Activation of PKM2 attenuates IL-1β–mediated proinflammatory responses in primary MTE cells and the release of proinflammatory mediators following subsequent exposure to HDM. (A) Schematic depicting the pretreatment with 100 μM TEPP46, followed by stimulation of 10 ng/ml IL-1β for 24 h. (B) mRNA expression of Tslp, Csf2, Cxcl1, and Ccl20 in MTE cells. Ppia is used as housekeeping gene. (C) Proinflammatory cytokine mediators TSLP, GM-CSF, KC, and CCL20 in cell culture supernatants of MTE cells were detected by ELISA. (D) Schematic depicting the pretreatment with 100 μM TEPP46, followed by stimulation of 10 ng/ml IL-1β for 24 h.
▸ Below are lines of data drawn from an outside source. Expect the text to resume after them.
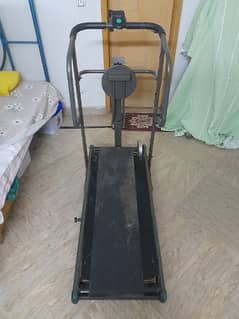 Treadmill Jogging Running Walking Exercise Gym Fitness Machine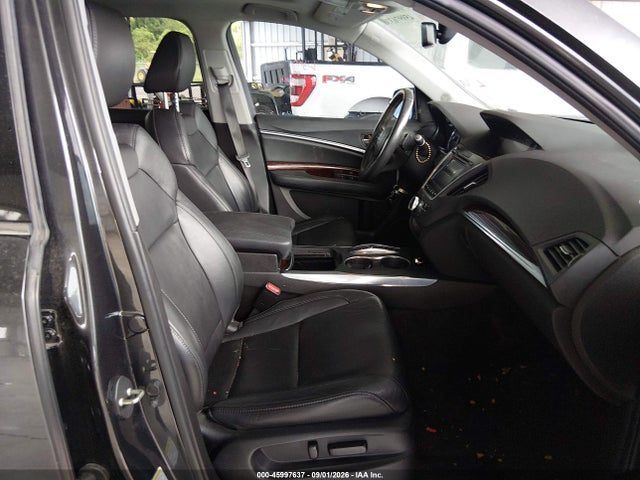Продаж на аукціоні авто 2016 Acura Mdx Technology   Acurawatch Plus Packages/technology Package, vin: 5FRYD3H43GB009544, номер лоту: 45997637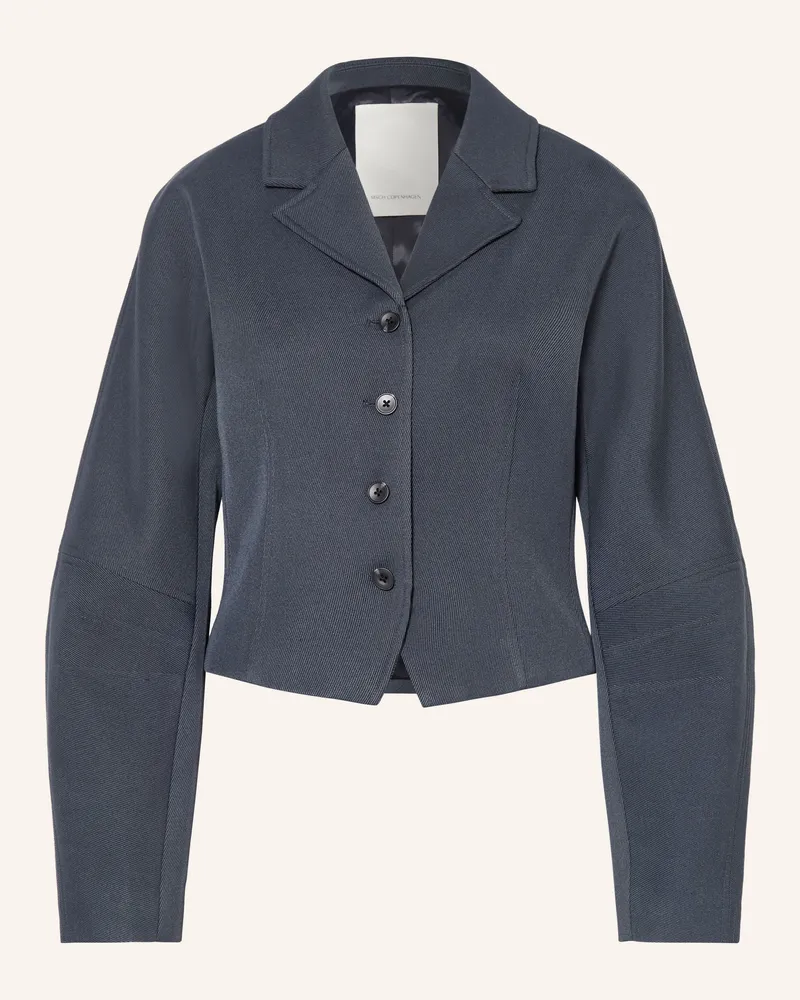 MOSS COPENHAGEN Blazer Mschlauretta blau Dunkelblau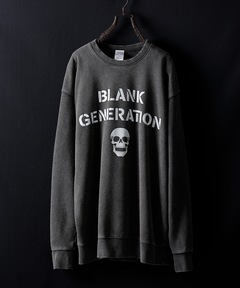 スウェット | ナンバーナイン（NUMBER (N)INE）公式通販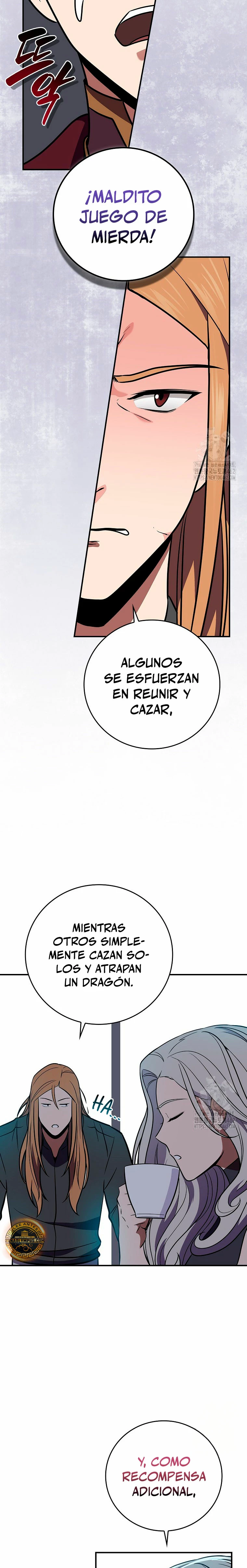 BJ Archimago Capitulo 120 página 24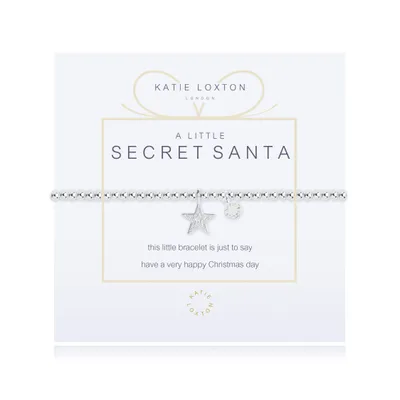 A Little Secret Santa Bracelet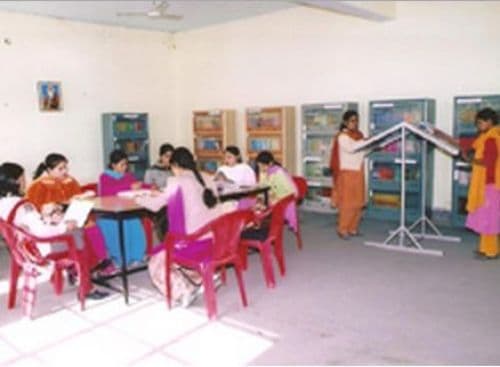 Bharat College of Education Kathua-image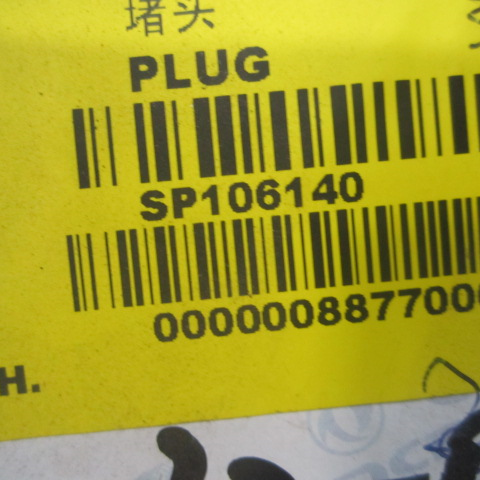 SP106140	G3415478	plug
Media was replaced and exposed to HDM (50 μg/ml) for an additional 2 h. (E) Proinflammatory cytokine mediators TSLP, GM-CSF, KC, and CCL20 in cell culture supernatants of MTE cells. (F) Cell survival was evaluated by Crystal Violet staining (left) and Calcein AM Assay (right) in MTE cells (n = 3–6 per group). Experiments were performed at least three times. *p < 0.05, **p < 0.01, ***p < 0.001, ****p < 0.0001 analyzed (two-way ANOVA).

FIGURE 6.

PKM2-mediated phosphorylation of STAT3 contributes to IL-1β–mediated proinflammatory signaling in epithelial cells. (A) Representative Western blots of total and phosphorylated STAT3 in nuclear and cytosolic extracts from MTE cells and total IKKε levels in whole-cell lysates. (B) Representative Western blots of total and phosphorylated STAT3 in nuclear and cytosolic extracts from HDM- or saline-treated lung tissues. (C) Impact of Stattic on survival of MTE cells was evaluated by a Calcein AM Assay. (D) Representative Western blots of total and phosphorylated STAT3 in whole-cell lysates from control or IL-1β–stimulated MTE cells pretreated with Stattic or vehicle control. (E) Proinflammatory mediators TSLP, GM-CSF, KC, and CCL20 in cell culture supernatants of MTE cells after treatment for 1 h with 0.5 μM Stattic, followed by stimulation of 10 ng/ml IL-1β for 24 h. Experiments were conducted at least three times. **p < 0.01, ***p < 0.001, ****p < 0.0001 analyzed (two-way ANOVA).